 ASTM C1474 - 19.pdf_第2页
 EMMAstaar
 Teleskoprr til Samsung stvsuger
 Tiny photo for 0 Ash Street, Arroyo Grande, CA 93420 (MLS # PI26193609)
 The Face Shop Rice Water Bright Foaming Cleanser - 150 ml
* * *
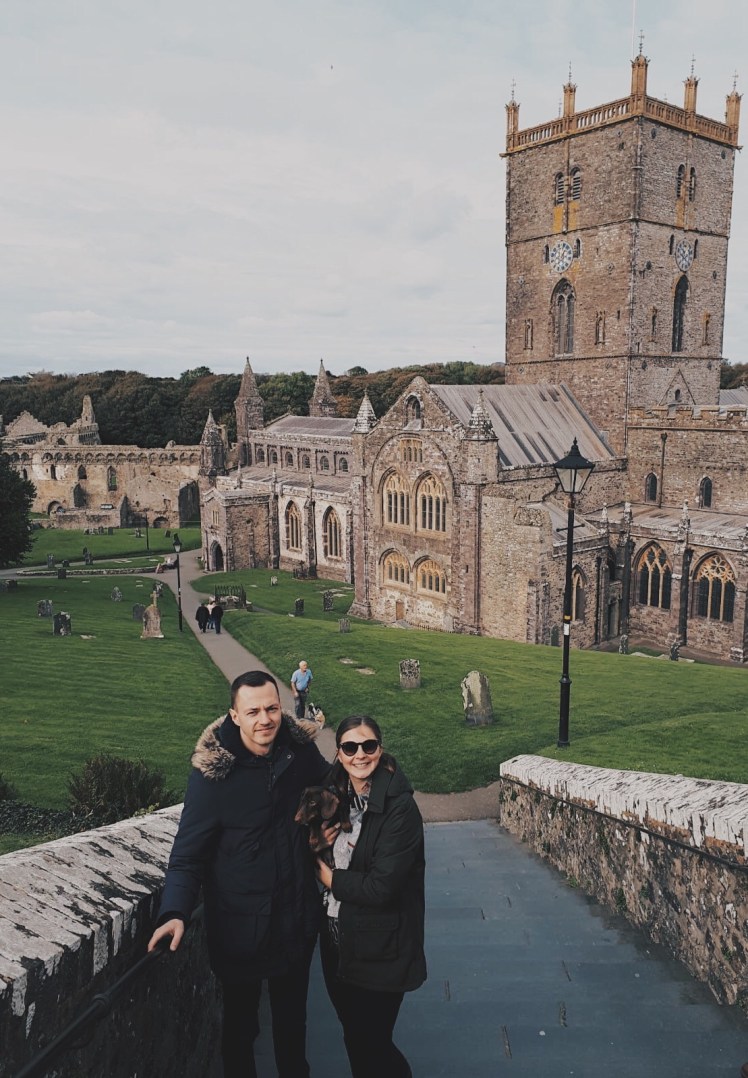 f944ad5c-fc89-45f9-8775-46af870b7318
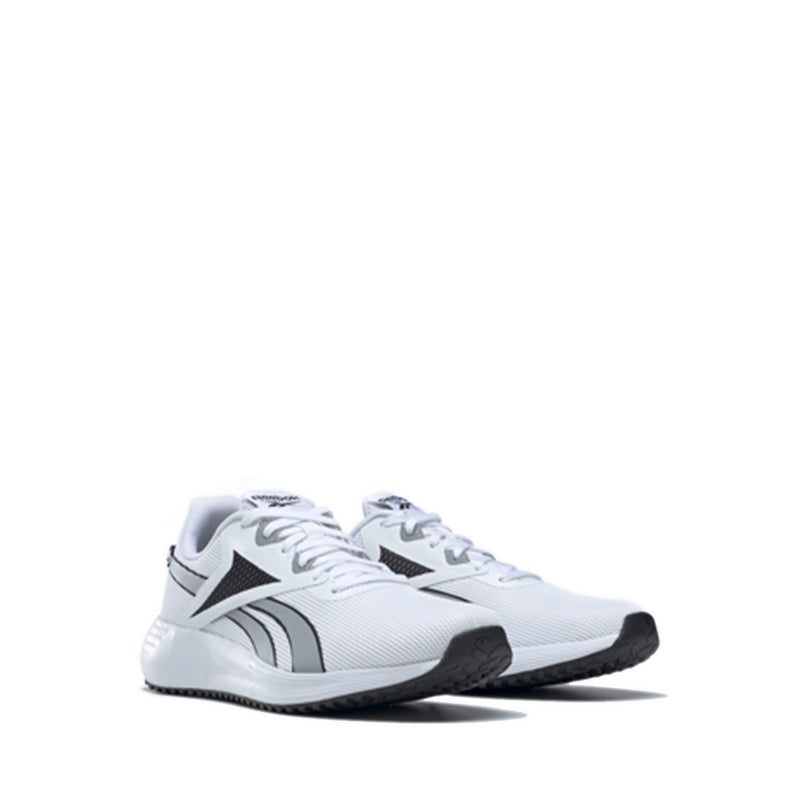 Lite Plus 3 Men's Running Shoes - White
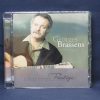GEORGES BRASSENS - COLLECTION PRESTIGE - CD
==
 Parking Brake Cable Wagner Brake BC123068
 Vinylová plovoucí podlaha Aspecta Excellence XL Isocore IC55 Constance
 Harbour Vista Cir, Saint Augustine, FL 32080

* Task directions
When you reach the line holding "Teleskoprr til Samsung stvsuger" in the records above, begin reproducing exactly, stop after the line holding "The Face Shop", and output nothing else.

* Output of the task
 Teleskoprr til Samsung stvsuger
 Tiny photo for 0 Ash Street, Arroyo Grande, CA 93420 (MLS # PI26193609)
 The Face Shop Rice Water Bright Foaming Cleanser - 150 ml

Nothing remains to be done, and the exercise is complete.